The estate has been certified sustainable since 2013, with every vineyard farmed utilizing organic methods according to the standards of Fair’N Green, an association for sustainable viticulture, of which Georg Breuer was one of the first members. The estate’s environmentally conscious methods include reducing yields, no use of herbicides or pesticides, natural fertilizers, and crop diversification to cultivate a healthy ecosystem. Georg Breuer is part of the Germany-wide AmBiTo project in effort to preserve biodiversity, and their collaboration with Fair’N Green extends to working towards climate-neutral production in all aspects of energy and resource consumption.
All Georg Breuer wines are made with traditional artesian winemaking methods following intensive focus on work in the vineyards and grape health during harvest. The estate prides itself on prioritizing extract and depth over yield, determining the date of harvest by the health of the grapes to ensure a perfectly balanced, structured, and aromatic wine. Once handpicked, grapes are gently pressed and the fermentation process either begins naturally or is started with pied de cuve – the use of wild native yeast from the vineyard for a clean fermentation that will consume all sugars, resulting in a dry wine. For the top wines, fermentation and élevage is in large old barrels while a mix of barrel and stainless-steel is used for the estate wines. Each wine must pass the estate’s stringent requirements for quality, as the team believes they should enjoy drinking each and every wine they create. Georg Breuer wines are unique, as they have minimal additions, making their purity the standout factor.
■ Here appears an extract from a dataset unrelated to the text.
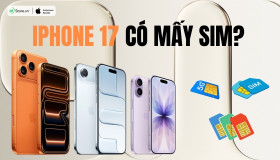 iPhone 17 có mấy SIM? Có hỗ trợ 2 SIM? Dùng SIM vật lý hay eSIM?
Our wine should last long without being loud at an early stage.
— Theresa Breuer
Mirroring the Rheingau region’s history, Georg Breuer is known especially for their Rieslings, from Village Rieslings that represent the characters and attributes of Rüdesheim, Rauenthal, and Lorch, to the Grosses Gewächs (Grand Cru) single-vineyard Rieslings expressing the individuality of the very best sites. For those new to their wines, Theresa recommends the “Terra Montosa” Riesling. The name, meaning “steep land” in Latin, originates from records dating back to 1074, highlighting the history of vineyards in the Rüdesheim slopes. She notes that the steep slope wine captures grapes from their most beautiful sites in one bottle, demonstrating the essence of the winery through taste.
Beyond Riesling, wine lovers in the U.S. can find Spätburgunder (Pinot Noir) from Georg Breuer. The estate also produces the other Pinots (Blanc and Gris) and has even begun cultivating the almost-forgotten historic grape Orleans.
Wine Meets Art
While looking for a new way to make their wines pop out on the shelf, Bernhard Breuer began tapping artists to design the Rüdesheim Berg Schlossberg Grosses Gewächs labels in 1980, a tradition continued by Theresa. Each year, an artist is selected to visit the estate and get a feel for the wine and philosophy. With full creative control to express their vision in their chosen medium(s), the artist then designs a label that they feel encompasses the wine, the vineyard, and the estate itself. The painting, drawing, or graphic work is then printed on the bottle as is. In exchange for their work, the artists receive bottles of the wine to enjoy as they wish. To see more vintages of the Berg Schlossberg labels, see here.
In the end, it is about an exchange of wine and art.